§ EXERCISE OBJECTIVE: Give an exact transcription limited to the lines from the one with "Inari Figure - Rupee - Nikke" through the end of the entries, including both; no pictures belong in it.

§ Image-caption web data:
----------

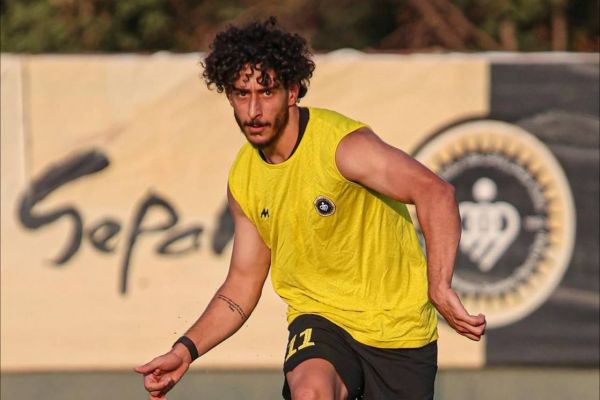  پرخبرترین بازیکن پارسال؛ بی سر و صدا در تمرین سپاهان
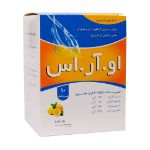 پودر او آر اس روز دارو 10 ساشه - Rouz Darou ORS Powder 10 Sachets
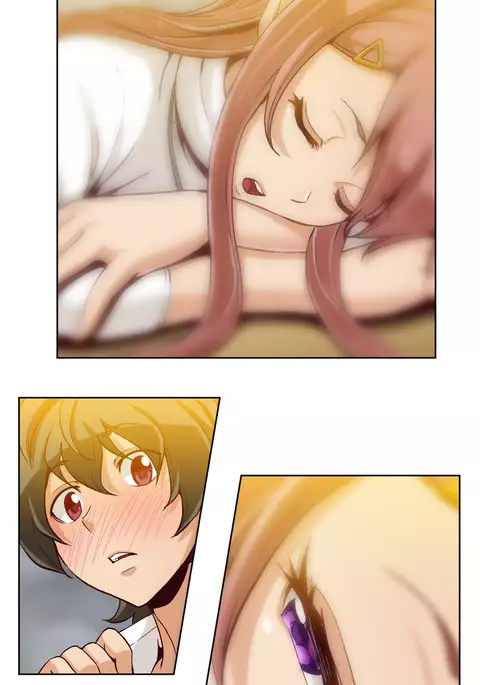 Secret Folder Ch.1-18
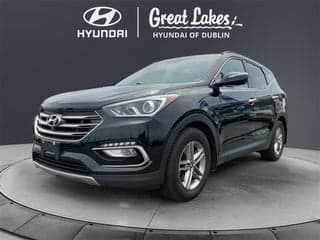 Hyundai 2018 Santa Fe Sport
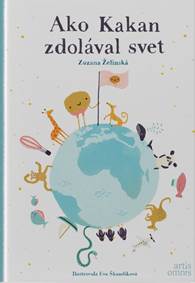 Kniha Ako Kakan zdolával svet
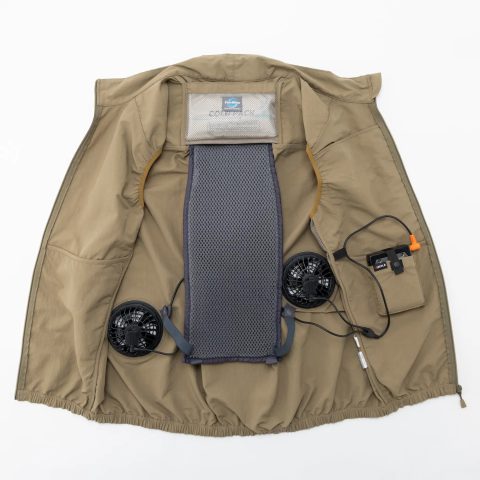 FanBlow Vest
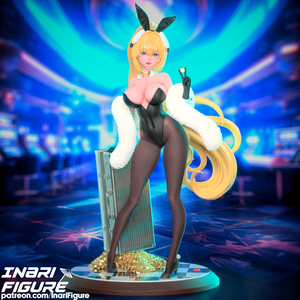 Inari Figure - Rupee - Nikke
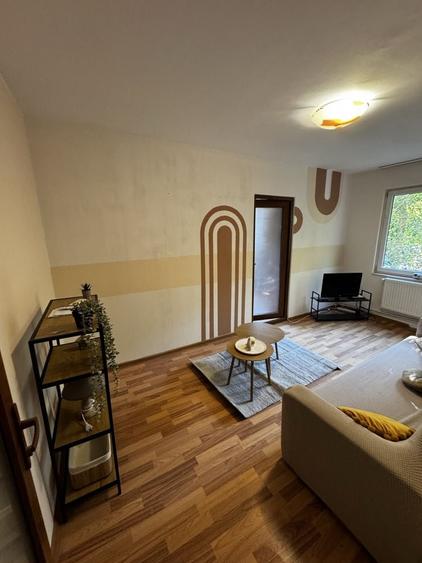 Apartament cu 2 camere nedecomandat în Tomis Nord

----------

§ RESPONSE BELOW:
 Inari Figure - Rupee - Nikke
 Apartament cu 2 camere nedecomandat în Tomis Nord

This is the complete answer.